Study material:
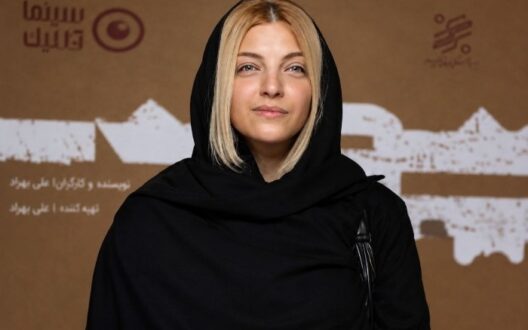 بیوگرافی آیدا ماهیانی؛ سن، زندگی شخصی و فیلم‌های بازیگر نقش تلما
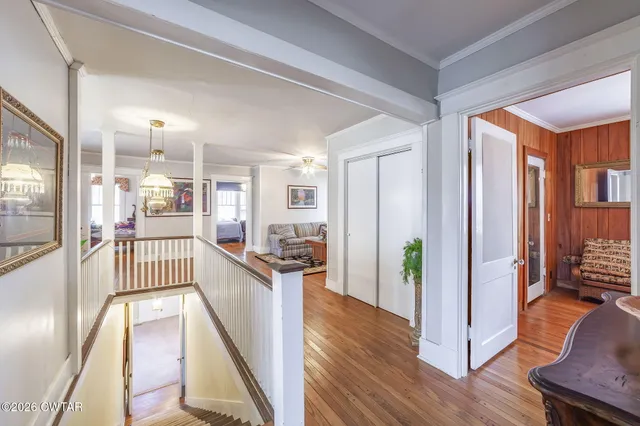 $230,000 | 221 Poplar Street, Ridgely, TN 38080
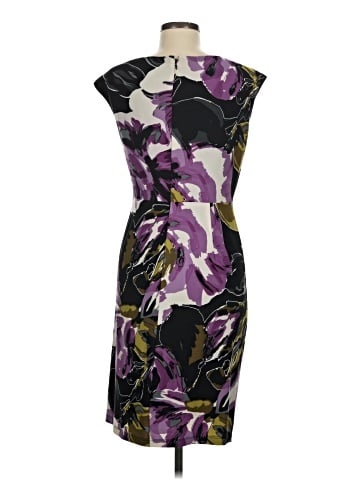 Jones New York Cocktail Dress (view 2)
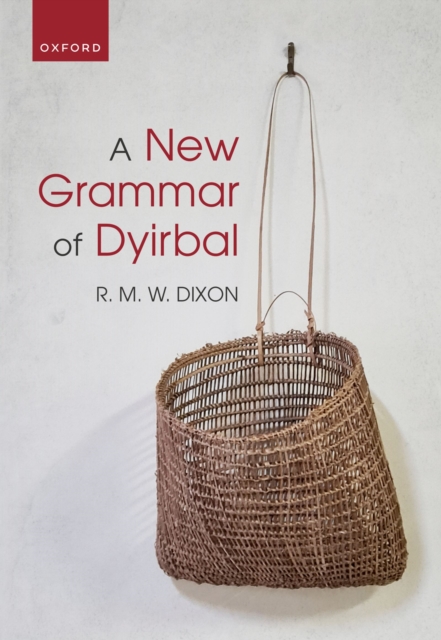A New Grammar of Dyirbal, PDF eBook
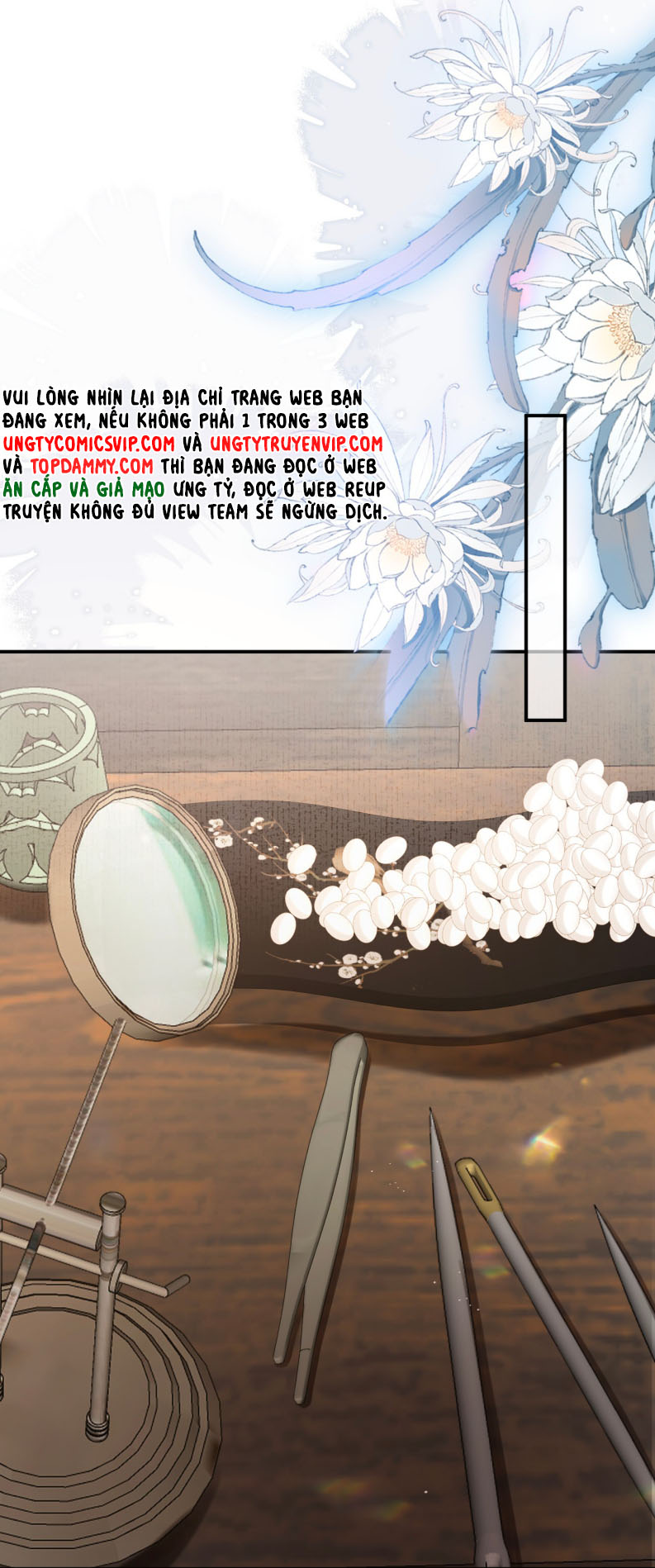 Ôn Hương Diễm Ngọc Chapter 29 - Trang 4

Work to be completed:
Copy every line of the data word for word, omitting the images.

Response to this task:
 بیوگرافی آیدا ماهیانی؛ سن، زندگی شخصی و فیلم‌های بازیگر نقش تلما
 $230,000 | 221 Poplar Street, Ridgely, TN 38080
 Jones New York Cocktail Dress (view 2)
A New Grammar of Dyirbal, PDF eBook
 Ôn Hương Diễm Ngọc Chapter 29 - Trang 4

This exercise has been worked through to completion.